O assassino, competente e de preto, sem remorso mas com cheque, saiu ao mesmo tempo que passava a factura (na agenda electrónica isto é possível):
– Banqueiro X morto, cem mil euros (por exemplo), soletrou em voz alta.
O logotipo da factura anunciava, com simplicidade mas com griffe de designer (Henrique Cayatte, Jorge Silva?): Empresa de limpeza de crimes.
O assassino, caucasiano e casual, embora sem remorso de preto de leste, afastou-se pensando:
– Fundar um banco é crime maior que assaltá-lo!

terça-feira, maio 18, 2004

olhar fatal

– Eles não paravam de olhar para mim… Não tive alternativa.

A mulher que continuava a dizer-me isto em ladainha, quase cantando, tinha as mãos a escorrer sangue. Procurei-lhe os olhos em busca de uma pista, algo que me fizessem entender para além das palavras, essas eram cantilena inexpugnável. Nem tinha a certeza que fosse a mim que ela se dirigisse.

– Eles olhavam-me fixamente… Não tive alternativa.

O sangue pingava sonoramente, e isso não ajudava nada a concentrar-me na tentativa de lhe apanhar, com os meus, os olhos dela. Azuis, como uma confissão brutal. Tentou-se desviar-se de mim, talvez esboçar uma fuga, gozando com a minha experiência. A rasteira fê-la cair sobre as nódoas de sangue, espalhando dezenas de sons de berlindes de carne sobre o empedrado hospitalar.
Eles não estavam fixos nela, os cinquenta olhos humanos conservados no Museu que tentava roubar e lhe saltam agora dos bolsos. Obriguei-a, olhos nos olhos, a apanhá-los um a um. Friamente, teve que limpar o vermelho que sujava alguns, voltar a pô-los no aconchego do formol. Tinha-se cortado no roubo e o sangue era dela. Há roubos que me irritam. A colecção tinha agora cinquenta e dois olhos. A minha colecção.

quinta-feira, maio 06, 2004

"Antes morta" - disse ela.
E pensar que o que eu mais queria era fazer-lhe a vontade!


in Max Aub, Crimes Exemplares

segunda-feira, julho 14, 2003

Começo este blog com uma homenagem a Max Aub, um dos inspiradores desta ideia e autor de um livro homónimo deste deste espaço: Crimes exemplares. O outro inspirador é Thomas de Quincey, autor de O assassínio como uma das belas artes...

Soy maestro. Hace diez años que soy maestro de la Escuela Primaria de Tenacingo, Zac. Han passado muchos niños por los pupitres de mi escuela. Creo que soy un buen maestro. Lo creía hasta que salió aquel Panchito Contreras. No me hacia ningún caso, ni aprendia absolutamente nada: porque no quería.

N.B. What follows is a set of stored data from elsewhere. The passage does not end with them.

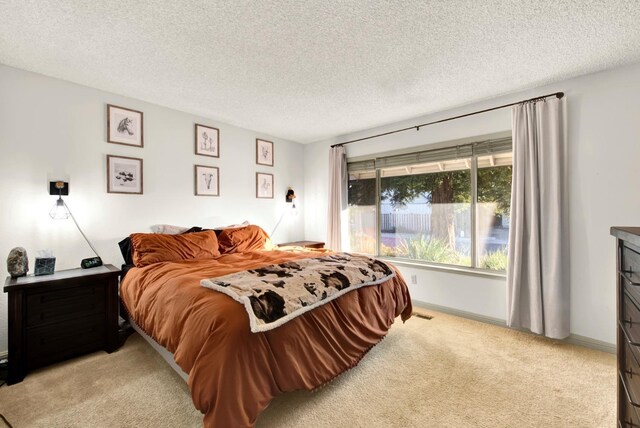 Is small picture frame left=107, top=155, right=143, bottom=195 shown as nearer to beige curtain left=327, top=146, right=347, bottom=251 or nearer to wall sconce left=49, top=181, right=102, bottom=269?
wall sconce left=49, top=181, right=102, bottom=269

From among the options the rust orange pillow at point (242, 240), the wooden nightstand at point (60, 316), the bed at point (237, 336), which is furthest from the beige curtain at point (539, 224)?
the wooden nightstand at point (60, 316)

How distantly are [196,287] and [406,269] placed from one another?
2754 mm

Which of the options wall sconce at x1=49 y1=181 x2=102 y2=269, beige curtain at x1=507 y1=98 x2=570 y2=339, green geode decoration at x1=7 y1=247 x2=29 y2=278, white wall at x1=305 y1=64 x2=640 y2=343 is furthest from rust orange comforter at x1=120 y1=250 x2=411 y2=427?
white wall at x1=305 y1=64 x2=640 y2=343

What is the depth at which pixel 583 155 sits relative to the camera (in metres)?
2.58

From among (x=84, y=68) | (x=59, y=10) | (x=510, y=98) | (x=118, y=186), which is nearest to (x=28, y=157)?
(x=118, y=186)

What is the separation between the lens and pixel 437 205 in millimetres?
3611

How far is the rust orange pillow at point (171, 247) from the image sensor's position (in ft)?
8.73

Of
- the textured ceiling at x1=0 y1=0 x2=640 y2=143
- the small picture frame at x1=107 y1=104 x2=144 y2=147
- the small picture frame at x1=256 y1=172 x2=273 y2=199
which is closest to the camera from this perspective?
the textured ceiling at x1=0 y1=0 x2=640 y2=143

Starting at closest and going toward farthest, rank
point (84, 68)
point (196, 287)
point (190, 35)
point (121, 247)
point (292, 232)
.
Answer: point (196, 287) → point (190, 35) → point (84, 68) → point (121, 247) → point (292, 232)

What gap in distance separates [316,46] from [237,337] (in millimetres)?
1988

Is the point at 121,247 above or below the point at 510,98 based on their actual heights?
below

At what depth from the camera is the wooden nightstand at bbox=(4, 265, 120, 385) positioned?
206 cm

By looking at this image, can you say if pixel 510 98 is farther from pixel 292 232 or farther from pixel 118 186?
pixel 118 186

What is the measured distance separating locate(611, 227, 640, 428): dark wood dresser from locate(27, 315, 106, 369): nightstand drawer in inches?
129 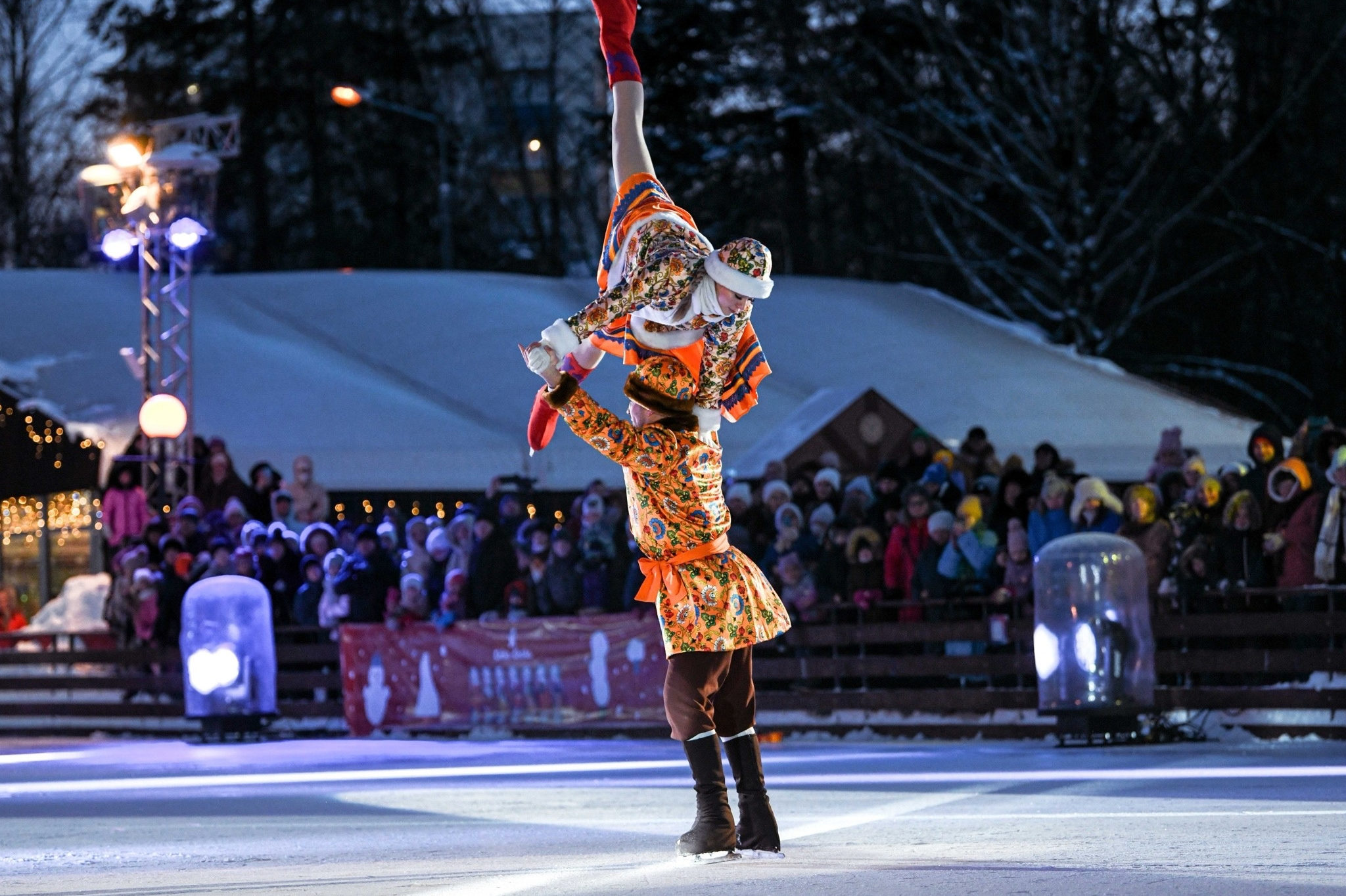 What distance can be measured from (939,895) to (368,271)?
2580cm

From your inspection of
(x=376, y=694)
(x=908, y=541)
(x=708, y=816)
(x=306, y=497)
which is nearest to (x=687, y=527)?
(x=708, y=816)

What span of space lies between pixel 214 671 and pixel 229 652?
179 millimetres

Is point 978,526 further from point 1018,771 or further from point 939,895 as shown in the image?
point 939,895

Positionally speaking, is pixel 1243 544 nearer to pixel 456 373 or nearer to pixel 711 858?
pixel 711 858

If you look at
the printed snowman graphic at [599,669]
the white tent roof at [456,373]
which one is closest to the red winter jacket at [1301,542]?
the printed snowman graphic at [599,669]

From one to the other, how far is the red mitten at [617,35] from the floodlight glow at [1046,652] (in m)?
6.17

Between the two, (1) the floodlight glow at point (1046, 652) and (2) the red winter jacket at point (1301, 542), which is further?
(1) the floodlight glow at point (1046, 652)

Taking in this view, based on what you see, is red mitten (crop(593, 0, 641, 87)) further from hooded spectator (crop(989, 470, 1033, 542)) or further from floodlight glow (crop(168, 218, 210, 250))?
floodlight glow (crop(168, 218, 210, 250))

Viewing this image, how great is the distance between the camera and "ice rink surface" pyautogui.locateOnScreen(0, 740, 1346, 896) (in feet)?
19.1

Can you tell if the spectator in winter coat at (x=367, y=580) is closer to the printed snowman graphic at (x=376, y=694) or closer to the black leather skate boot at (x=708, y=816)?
the printed snowman graphic at (x=376, y=694)

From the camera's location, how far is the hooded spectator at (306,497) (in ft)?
60.8

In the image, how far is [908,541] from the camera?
552 inches

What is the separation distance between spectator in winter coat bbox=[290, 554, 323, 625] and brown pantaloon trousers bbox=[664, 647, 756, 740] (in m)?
10.1

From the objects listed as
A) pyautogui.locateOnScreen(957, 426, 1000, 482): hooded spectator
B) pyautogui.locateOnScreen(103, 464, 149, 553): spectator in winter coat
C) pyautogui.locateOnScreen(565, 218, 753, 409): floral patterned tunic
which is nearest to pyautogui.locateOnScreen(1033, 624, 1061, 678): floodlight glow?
pyautogui.locateOnScreen(957, 426, 1000, 482): hooded spectator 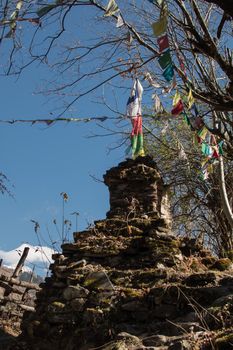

Ninguno de los castigos surtia efecto. Ni los morales, ni los corporales. Me miraba, insolente. Le rogué, le pegué. No hai mudado. Los demás niños empezaron a burlarse de mi. Perdi toda autoridad, el sueño, el apetito, hasta que un dia ya no lo pude aguantar, y para que sirviera de precedente, lo colgué del árbol del patio.